Отец мой, по веселости нрава, смеясь, передал этот рассказ бабушке, но та, выслушав его, насупила брови и отвечала:

- Дурак - и поделом ему и мука.

Но этот случай при всей своей комичности имел ту выгоду, что сцены между дядею и его матерью более нельзя было опасаться, так как бабушка хотя и назвала дядю «дураком», но преисполнилась к нему нежнейшего сожаления, которое потом сохраняла во всю жизнь и под влиянием его если не оправдывала, то по крайней мере извиняла его слабость. Бабушка после этою только скорее заспешила разделом, о котором нечего много рассказать: он был сделан с тем же благородством, как и выдел княжны Анастасии: моему отцу достались Ретяжи, в которых он уже и жил до раздела, дяде Якову Конубрь, а бабушка оставалась в Протозанове, от которого она хотя и отказывалась, предоставя детям по жребию делить деревни, в которых были господские дома, но и дядя и отец слышать об этом не хотели и просили мать почтить их позволением оставить в ее владении Протозаново, к которому она привыкла.

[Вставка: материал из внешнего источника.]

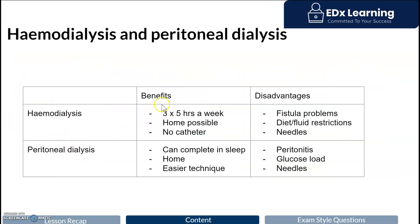Hemodialysis is generally the more effective form of dialysis, consisting of three five-hour sessions a week. The major disadvantage is fistula problems — the surgery connecting an artery to a vein can cause that region to dilate and weaken, known as an aneurysm. Additionally, individuals on hemodialysis must follow a very strict diet and fluid restriction, since hemodialysis cannot fully replace the kidney's role in controlling water balance.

Таким образом, вместо одного протозановского гнезда на небольшом одно от другого расстоянии завелись четыре: старое бабушкино в Протозанове, наше в Ретяжах, дяди Якова в Конубре и тетушки Анастасии Львовны в Разновилье. Круг был большой: одно родство составляло само по себе целое общество, если бы только в нем, кроме числа и удобства соотношений, была внутренняя склейка; но ее-то и недоставало. Не в похвальбу нам, русским, надо сознаться, что у нас ее вообще мало: чуть у нас что вкупе не заладится, мы не станем подкреплять лады, а скорее все в стороны - без злобы, без ненависти, но в стороны. Не знаю, надо ли это относить более к нашим достоинствам или к недостаткам, но знаю, что этим уравновешивается наша малоспособность к дружбе малоспособностью к упорной вражде, что, по-моему, тоже не худо. Русский человек вообще не злопамятлив: он прощает обиду скорее и легче, чем иной иностранец; мести он почти никогда не делает своею задачею и охотно мирится с тем, в чьем обидном поступке видит след запальчивости, неосновательной подозрительности или иной случайности, зависящей от обстоятельств и слабостей человеческих, которым в мягкосердной Руси дается так много снисхождения; но когда хороший русский человек встречает в другом обидный закал, он скажет: «Бог с ним» и предоставляет другим проучить его, а сам от такого сейчас в сторону.

Это, конечно, не достоинство, если смотреть на дело только со стороны требований жизни гражданственной, но зато это порука в пользу любви русского человека к тишине и созерцательному настроению, которое он ограждает своею уступчивостью по изречению: «будь ты мне как мытарь », то есть как чужой, как человек, с которым я ничем не связан, кроме закона человеколюбия. Что до меня, то я, признаюсь, люблю эту черту нашего народа и когда слышу жалобы на его рыхлость и нецепкость, я спокойно пускаю эти песни мимо моих ушей, потому что знаю в нем нечто высшее, чем цепкость, - это нечто, с избытком вознаграждающее ее (не окончено).

Глава

Дядя, князь Яков Львович, уцелел от бурь, которые разметали и развеяли дом моего отца. Он служил в Петербурге в пешей гвардии тоже не до большого чина и так же, как мой отец, не подавал надежд к продолжению военной карьеры. Как он проводил свое время в Петербурге, это мне не совсем известно, но судя по тому, что он был знаком почти со всеми современными ему знаменитостями, надо полагать, что он жил не исключительно в свете и среди своих военных товарищей, а держался умных кружков: он лично знал Жуковского, Пушкина, Дельвига, Гоголя, Каратыгина и Брюллова, ходил в дом к Толстым , где перезнакомился со всем тогдашним художественным миром и сам с успехом занимался как дилетант и живописью и ваянием, что необыкновенно шло его изящной натуре. Шумного разгула и кутежей, которые тогда были в моде, дядя бегал: оргии ему были противны, но он платил дань своему веку страшною влюбчивостью, не знавшею у него никакой меры и границ. Под робкою застенчивостью в его сердце таилося целое неугасимое пламя нежных увлечений, которые у него были так разносторонни, что он сам часто не знал, но все они непременно были сопряжены для него с большими историями. Пока он был холост, он на каждой своей привязанности хотел жениться. Бабушка вспоминала это время с неподдельным ужасом.